§ AIM OF THE EXERCISE
Return, with both end lines included, exactly what the data below holds from the line with "lot 111388 image: Retails" through the line with "Merokeety White Long", though not the pictures.

##### SOURCE DATA

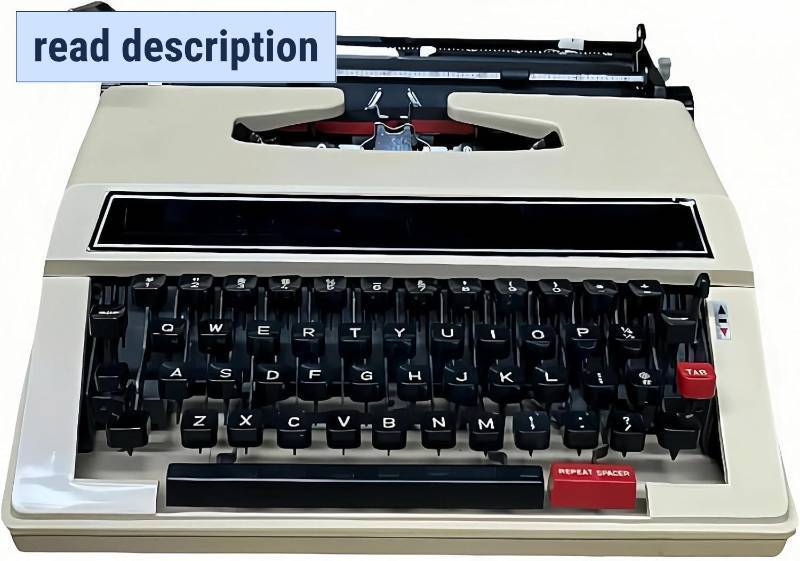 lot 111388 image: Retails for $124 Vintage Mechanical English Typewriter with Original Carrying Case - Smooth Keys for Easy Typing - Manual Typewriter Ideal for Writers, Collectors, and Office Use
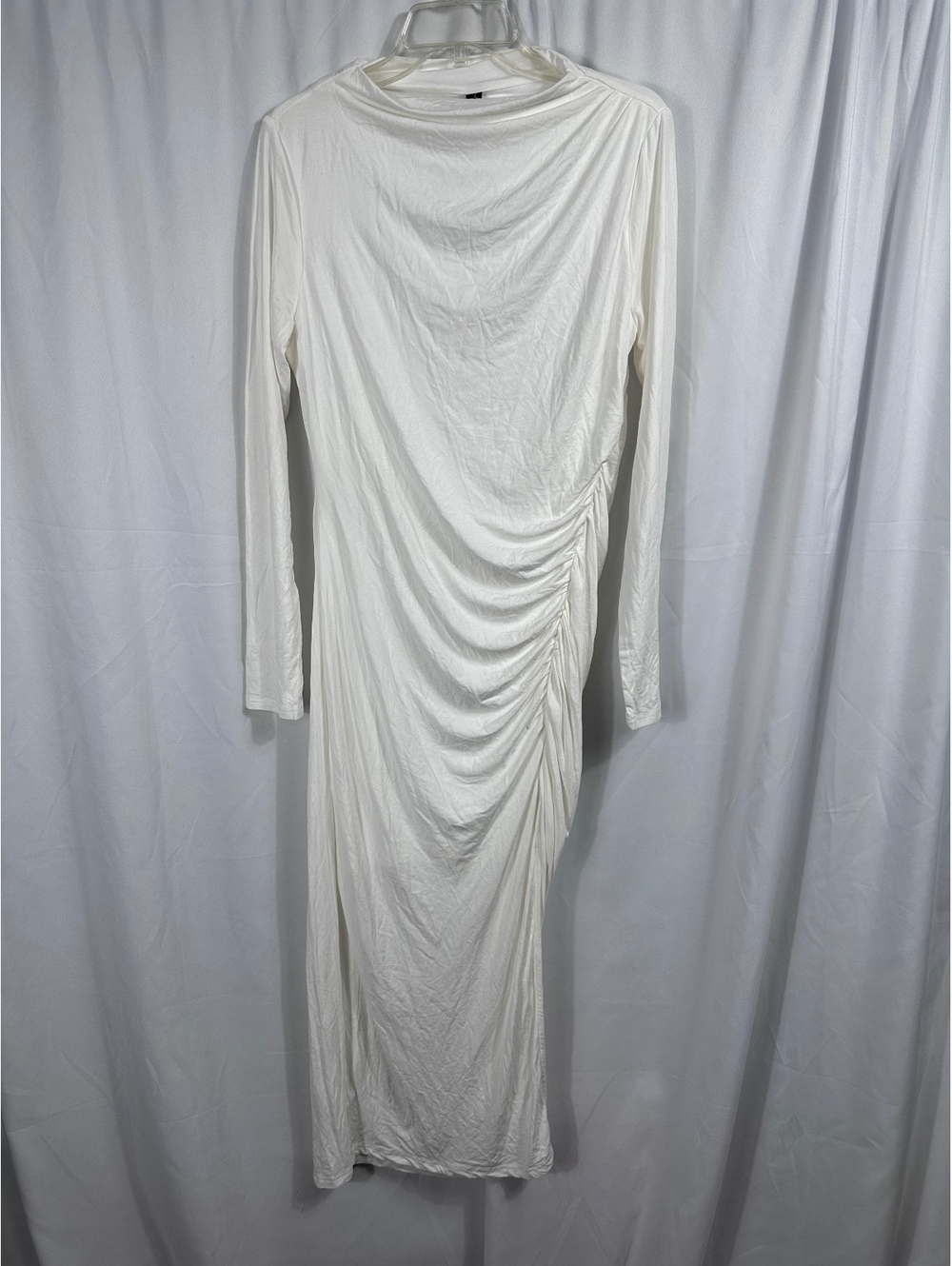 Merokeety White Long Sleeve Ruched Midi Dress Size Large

##########
##### SOURCE DATA

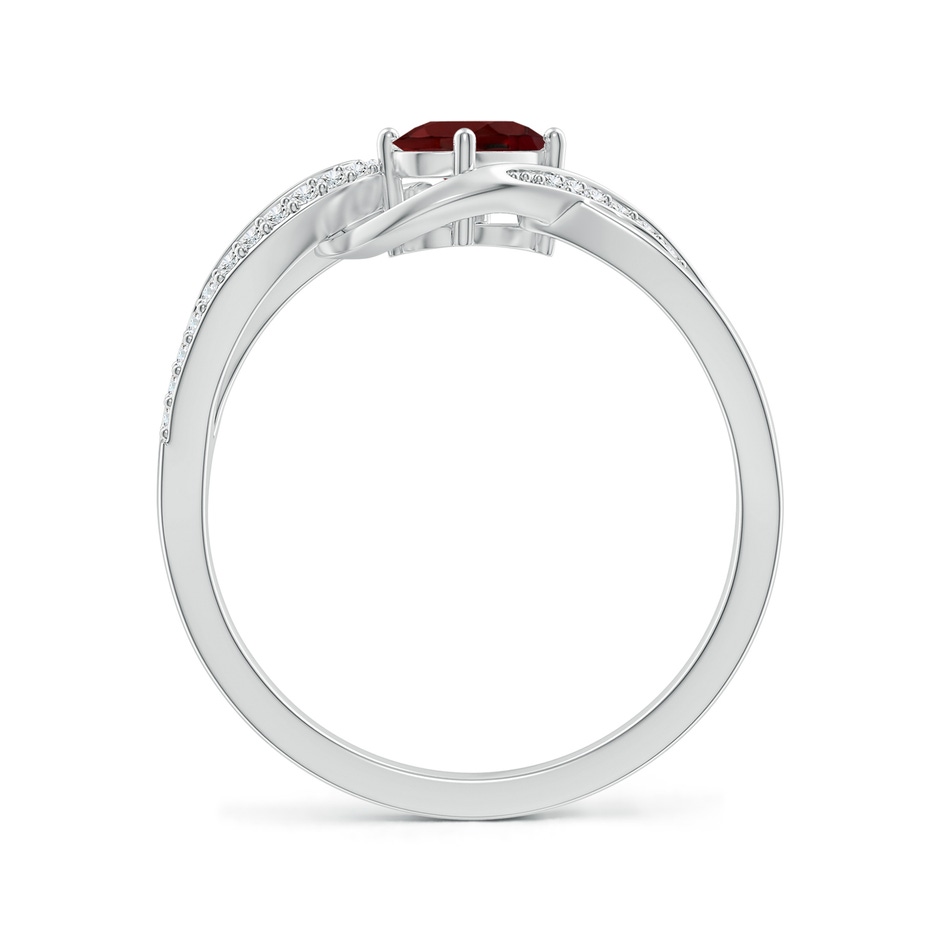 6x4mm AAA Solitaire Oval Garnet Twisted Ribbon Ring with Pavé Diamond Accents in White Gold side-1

##########

§ RESULT OF THIS TASK
 lot 111388 image: Retails for $124 Vintage Mechanical English Typewriter with Original Carrying Case - Smooth Keys for Easy Typing - Manual Typewriter Ideal for Writers, Collectors, and Office Use
 Merokeety White Long Sleeve Ruched Midi Dress Size Large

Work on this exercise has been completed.